In the present work, the induced voltages due to capacitive and inductive coupling on metallic pipelines running in close vicinity of high voltage power transmission lines have been computed. The conductor surface field gradients calculated for the various phase configurations have been presented in the thesis. Also the electric fields under transmission lines, for both single circuit and double circuit (various phase arrangements) have been analyzed. Based on the above results, an optimum configuration giving the lowest field under the power line as well as the lowest conductor surface gradient has been arrived at and for this configuration induced voltage on the pipeline has been computed using the Charge Simulation Method (CSM). For calculating the induced voltage due to the inductive coupling, electromotive force (EMF), induced along the pipeline due to the magnetic field created by the transmission line has been calculated. The potential difference between the pipeline and the earth, due to the above induced EMFs, is then calculated. As the zones of influence are generally formed by parallelism, approaches, crossings as well as removals, the computation involves subdividing the zone into several sections corresponding to these zones. The calculation of voltages is carried out at both the ends of the sections. Each section is represented by an equivalent п electrical network, which is influenced by the induced EMF. The induced EMF is calculated during faulted conditions as well as during steady state conditions. Inductive coupling calculations have been carried out for the following cases:

- Perfect parallelism between power line and pipeline.
-Zone of influences formed by parallelism, approaches, crossings and removals.
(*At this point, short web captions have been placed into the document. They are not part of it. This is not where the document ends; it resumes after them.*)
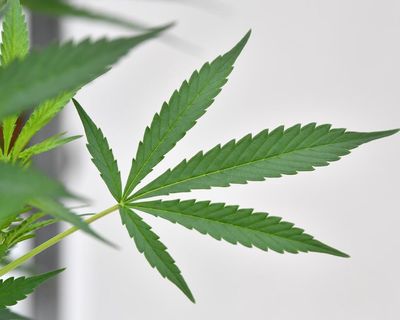 NSW politicians say cannabis decriminalisation inevitable after report points to unequal system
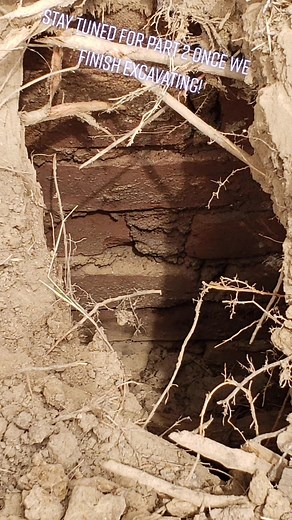 #boredinthehouse #yardwork #mystery #mysterious #archeology #history #renovation #homeflip #excavating #discoveries #bricks #homeproject #over40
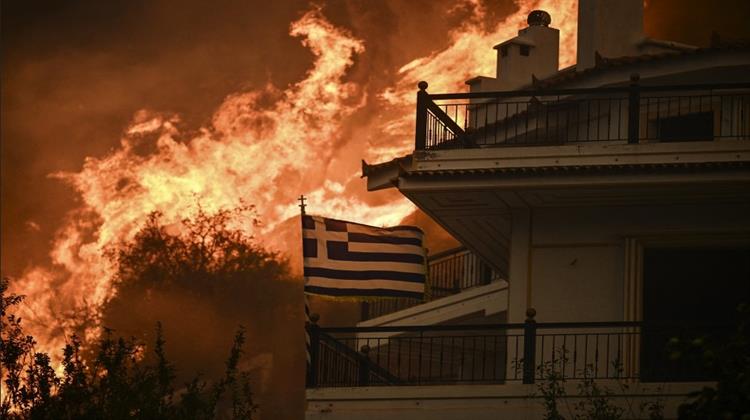 Reuters: Το Δίκτυο Προκαλεί Πολλές Δασικές Πυρκαγιές στην Ελλάδα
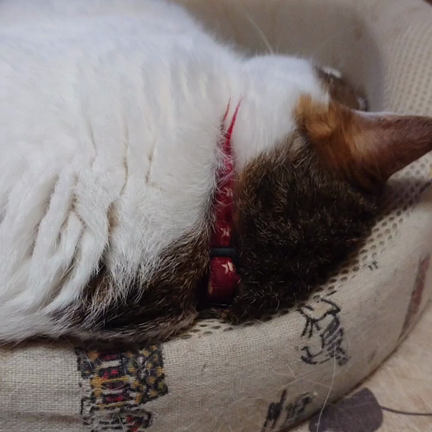 寝息☆の記事動画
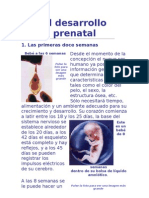 El Desarrollo Prenatal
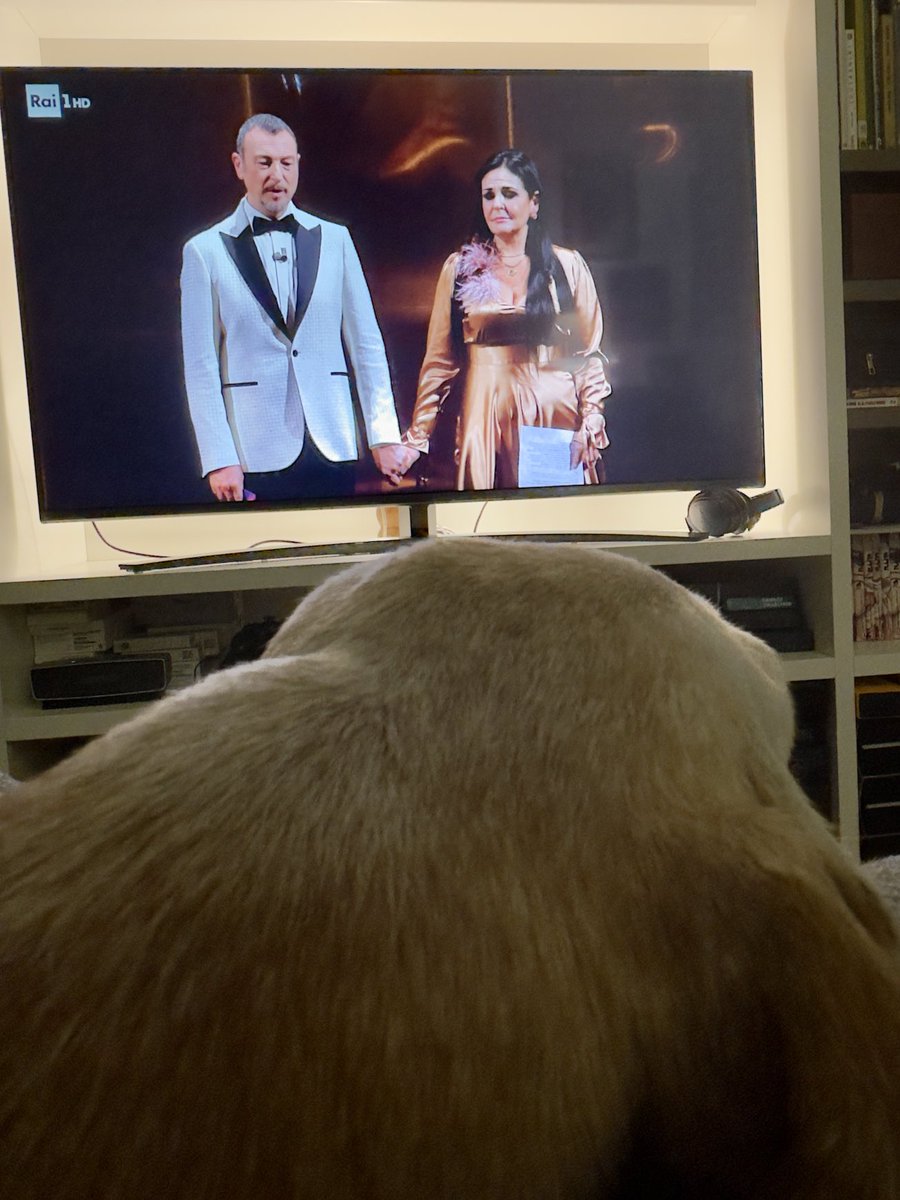 DocThomas's tweet image. Non commentare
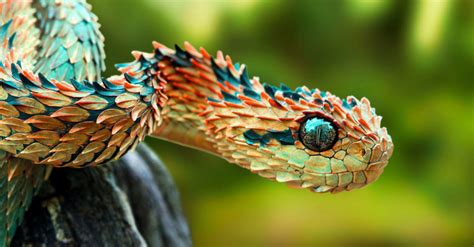 The Spiny Bush Viper Critter Science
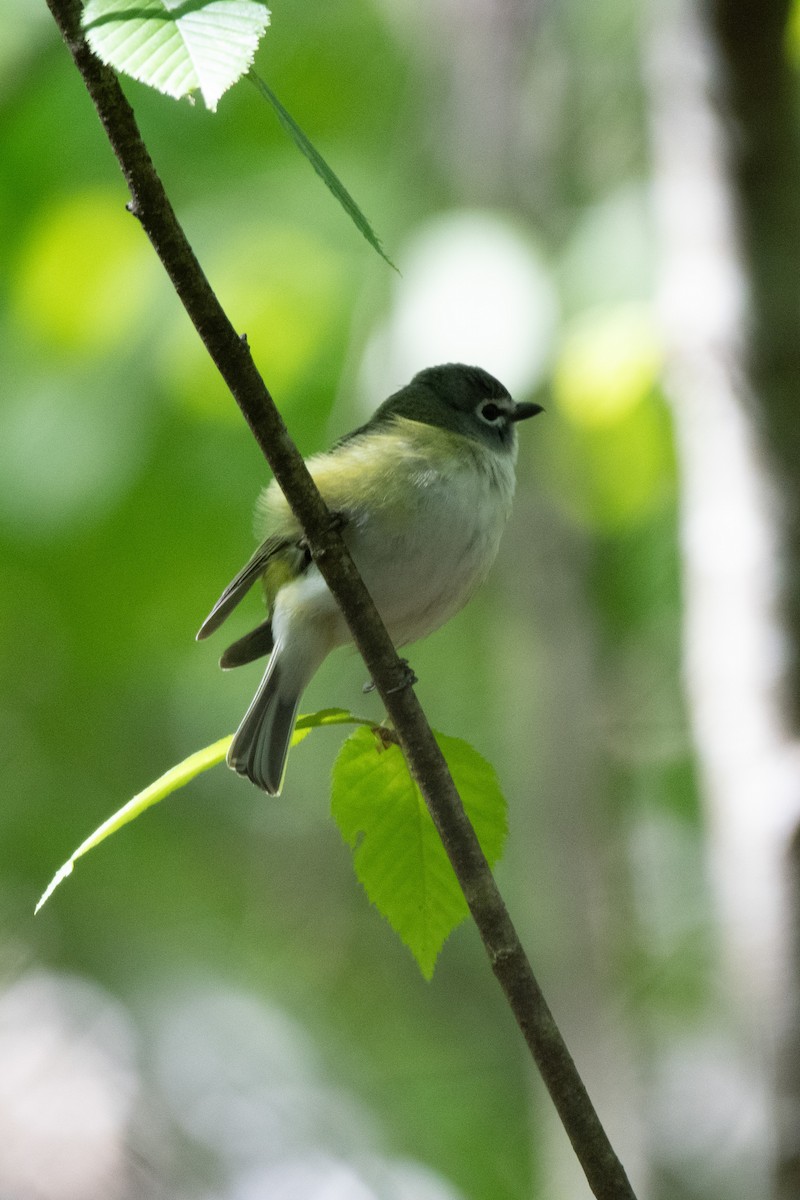 Blue-headed Vireo - Candice Lowther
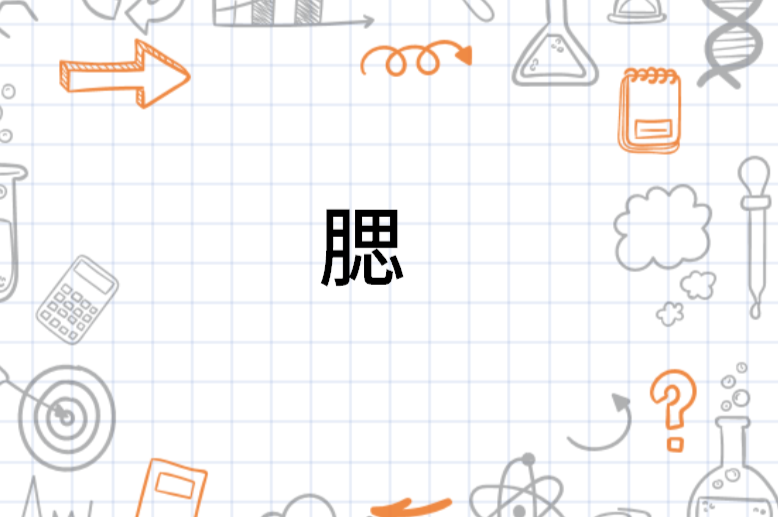 腮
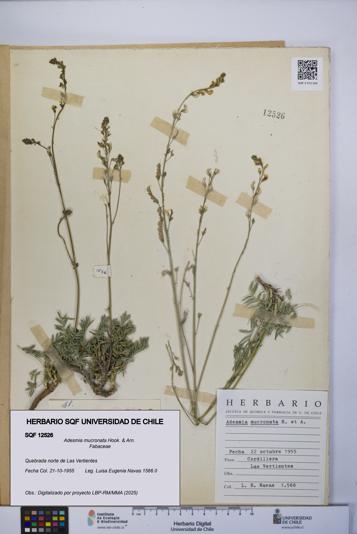 Adesmia mucronata [Espécimen: UCH:SQF:0012526]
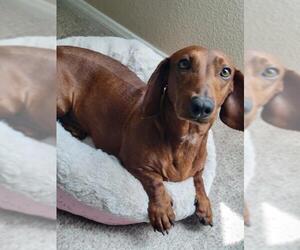 Dachshund Dogs for adoption in Los Angeles, CA, USA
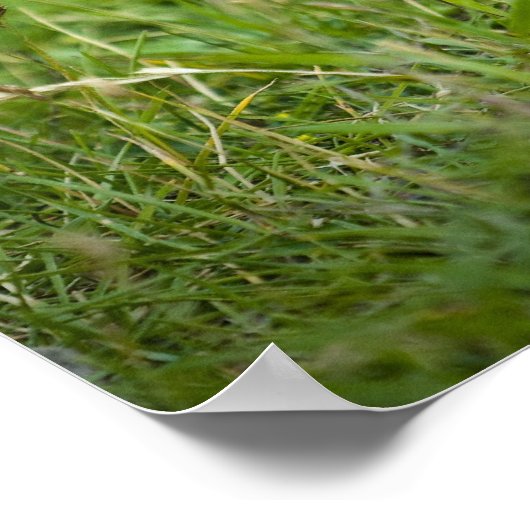 Poster Écureuil terrestre colombien (Coin)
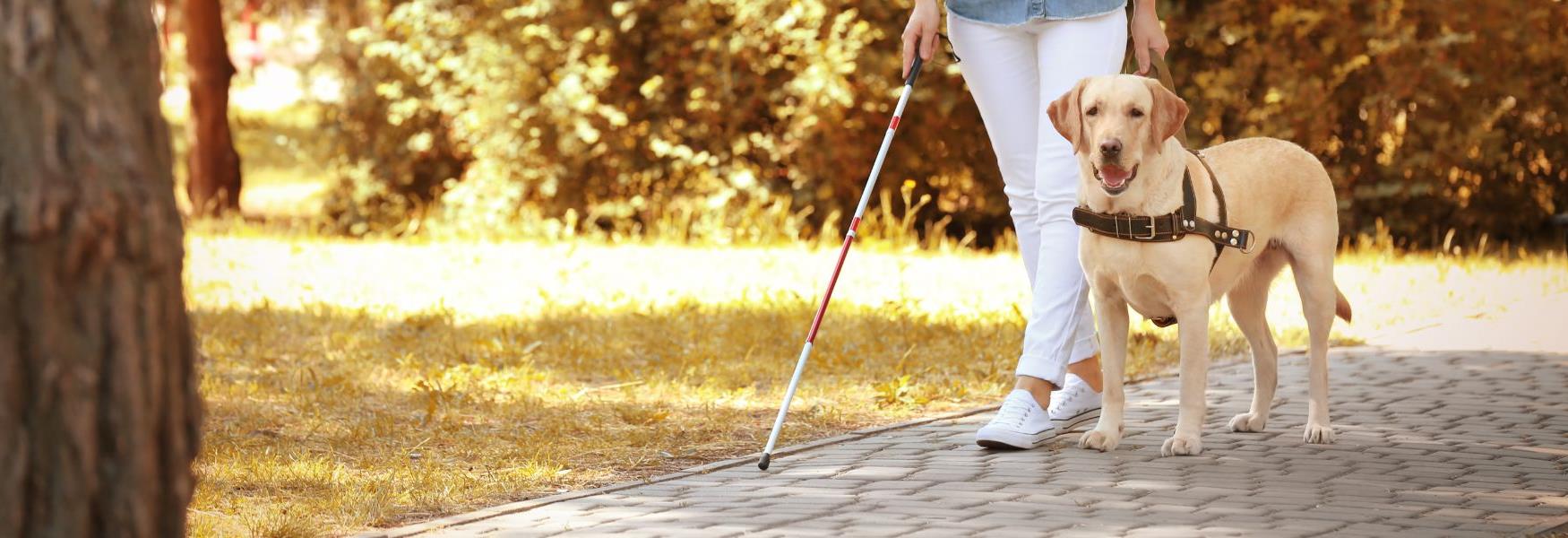 women and guide dog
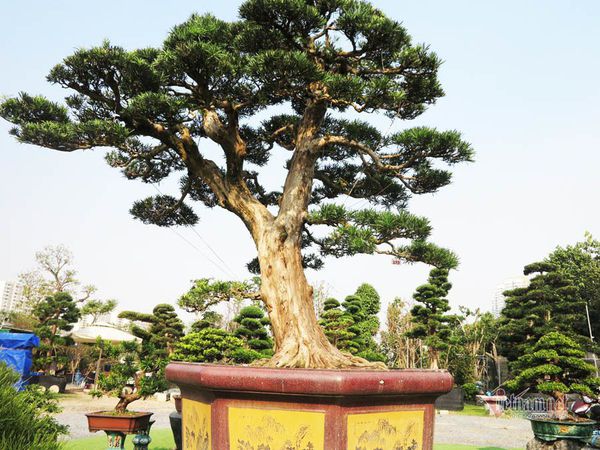 Ý nghĩa Phong Thủy của cây Tùng 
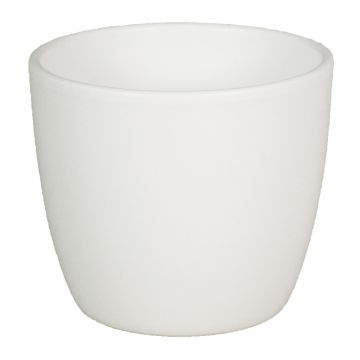 Plant pot TEHERAN BASAR, ceramic, white matt, 4.7"/12cm, Ø5.3"/13,5cm 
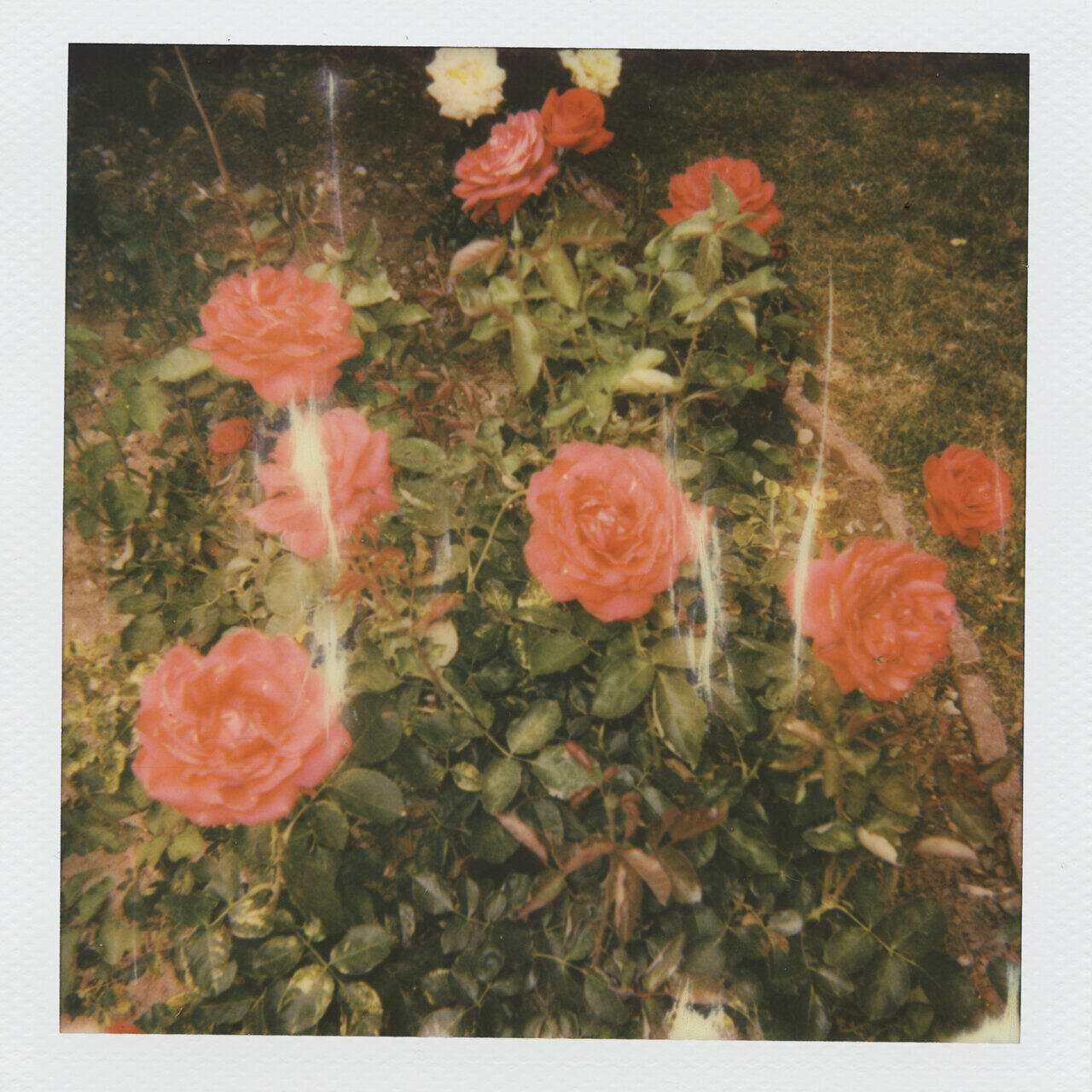 Релиз chapter 2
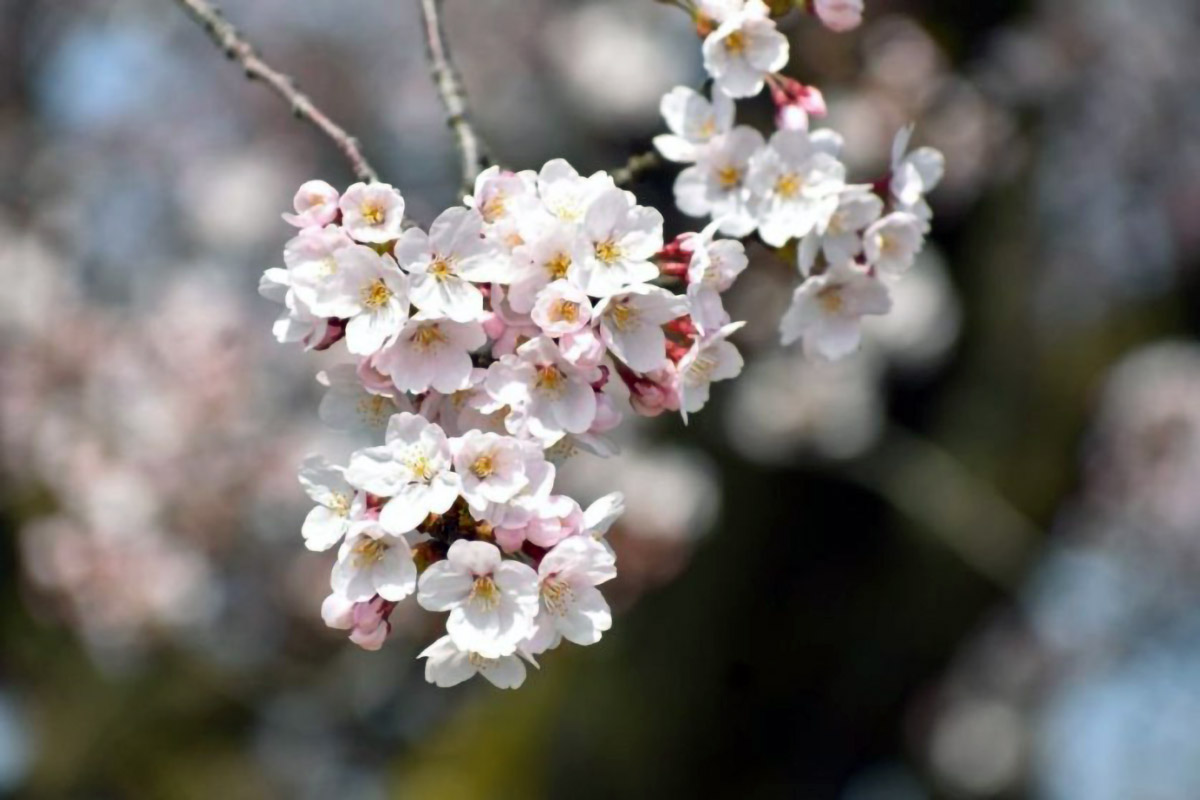 Tainai Sakura Festival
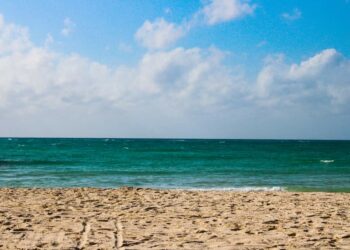Visita las costas de Playa del Carmen que quedaron aún más limpias gracias al frente frío 31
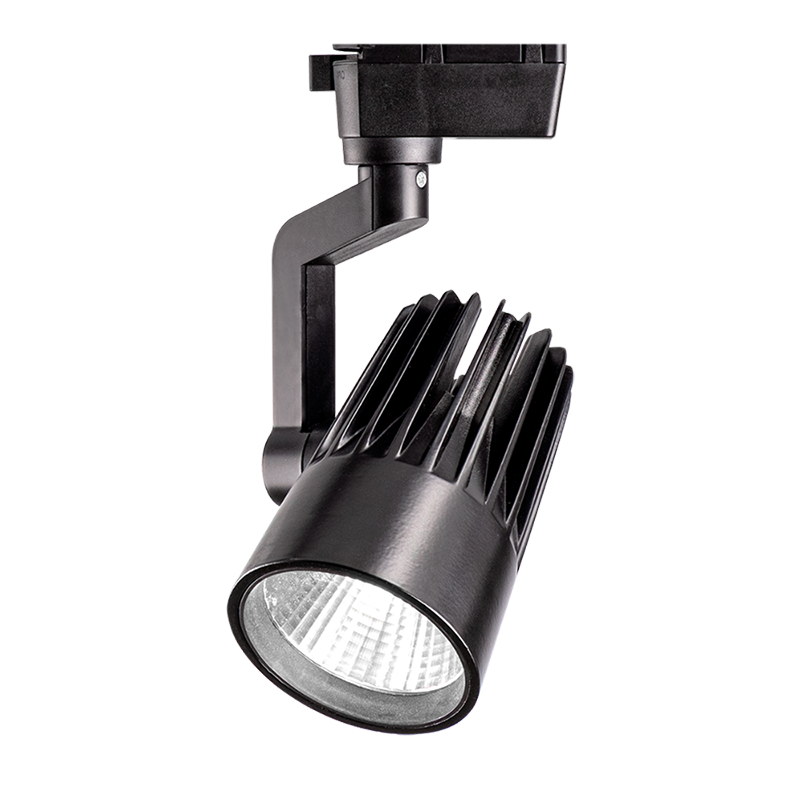 Jazzway PTR 0130-2 30w 3000K 24° BL (чёрный) IP40 фото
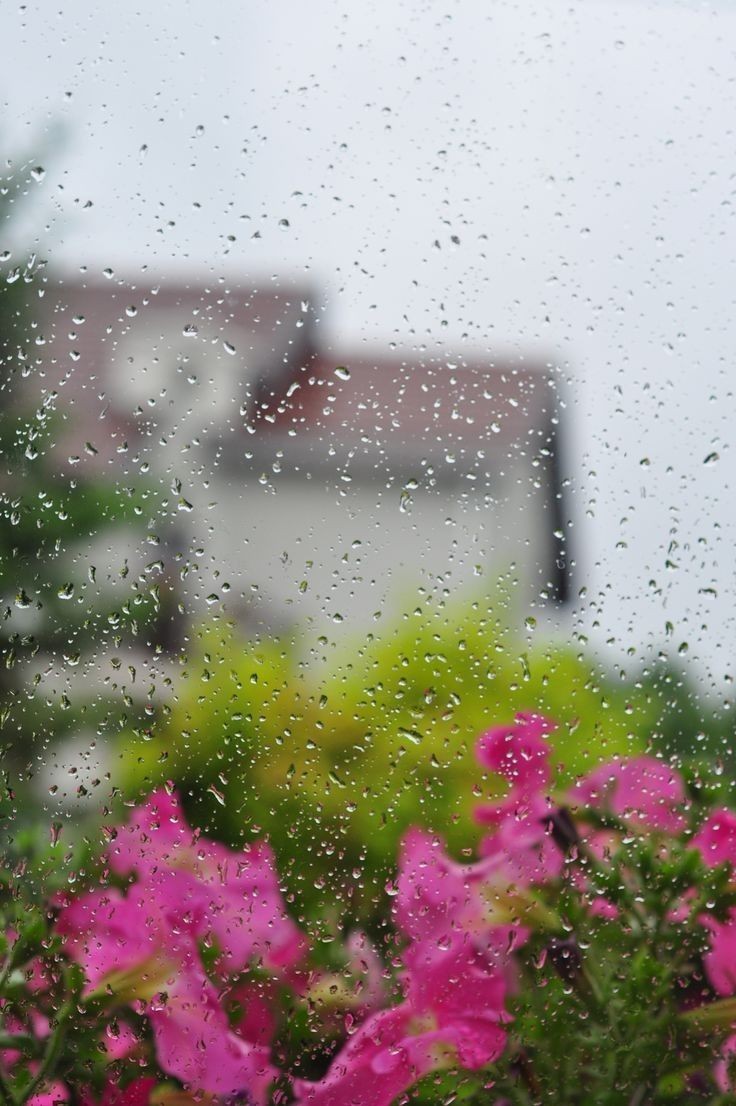 Утро дождь картинки. Дождливый летний день. Весенний дождь. Дождь летом. Дождливое летнее утро.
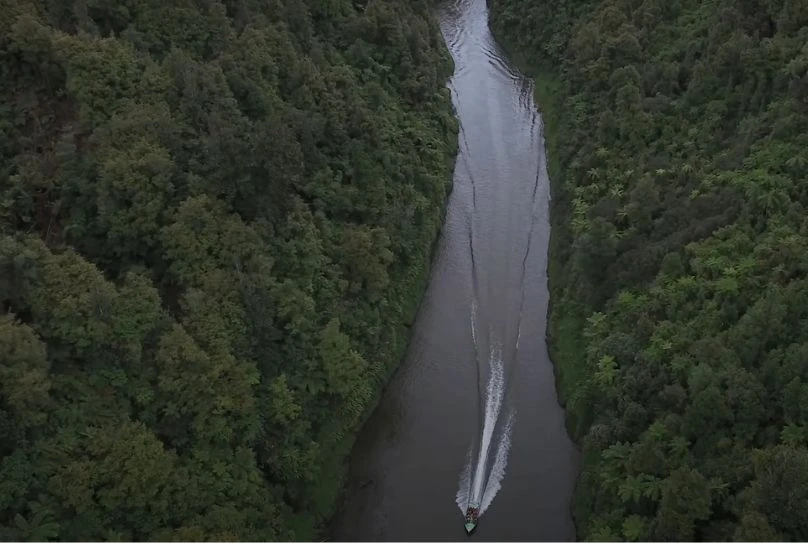 Aerial shot of the Whanganui river dividing a valley with thick native bush on either side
It has been observed that when the pipeline is approaching the HV transmission line at an angle, then running parallel for certain distance and finally deviating away, the induced voltage is maximum at the point of approach or removal of the pipeline from the transmission line corridor.
The induced voltage is almost negligible near to the midpoint of the zone of influence. The profile of the induced voltage also depend on whether the pipeline is grounded or left open circuited at the extremities of the zone of influence.

About other metallic structures, the electric field associated with potentials on power conductors can develop a potential on an inadequately grounded structure in the vicinity of the power system. The potential that the structure attains because of capacitive coupling varies with the power conductor potential and depends on many factors, including the geometric configurations of the structures involved. During construction, when the structure is aboveground or in an open trench, it may reach a dangerously high potential. When the structure is buried or submerged, the capacitive coupling effect usually is not significant unless:
1- The soil resistivity is high
2- The structure is electrically isolated
3- The structure is very long
AC current flow in power conductors producers an alternating magnetic field around these conductors. Thus, an AC potential can be induced in an adjacent structure within this magnetic field, and current may flow in that structure. The magnitude of the induced potential depends on many factors including the overall geometric configuration of the structures involved, the magnitude of the current in the power circuit, and any current imbalance. If the currents in a three-phase power system are equal (balanced) and the affected structure is equidistant from each of the conductors, the total induced voltage is zero. This, however, is seldom the case, and induced AC voltage is usually present on the affected structure. Greater electromagnetically induced potentials may occur during a phase-to-ground or phase-to-phase fault in multiphase circuits because of the higher magnitude of fault current in these systems. The leakage conductance to ground, caused by the resistive coupling of the affected structure, allows AC current to flow between that structure and earth. This phenomenon, combined with other factors, results in different values of AC structure-to-electrolyte potential along the affected structure. The higher the dielectric strength and resistance of the coating and the higher the soil resistivity, the greater the induced AC potential.
According NACE standard RP0177-2000, during the construction of metallic structures in areas of AC influence, the following minimum protective requirements are prescribed:
1-On long, metallic structures paralleling AC power systems, temporary electrical grounds shall be used at intervals not greater than 300 m, with the first ground installed at the beginning of the section. Under certain conditions, a ground may be required on individual structure joints or sections before handling.
2-All temporary grounding connections shall be left in place until immediately prior to backfilling. Sufficient temporary grounds shall be maintained on each portion of the structure until adequate permanent grounding connections have been made.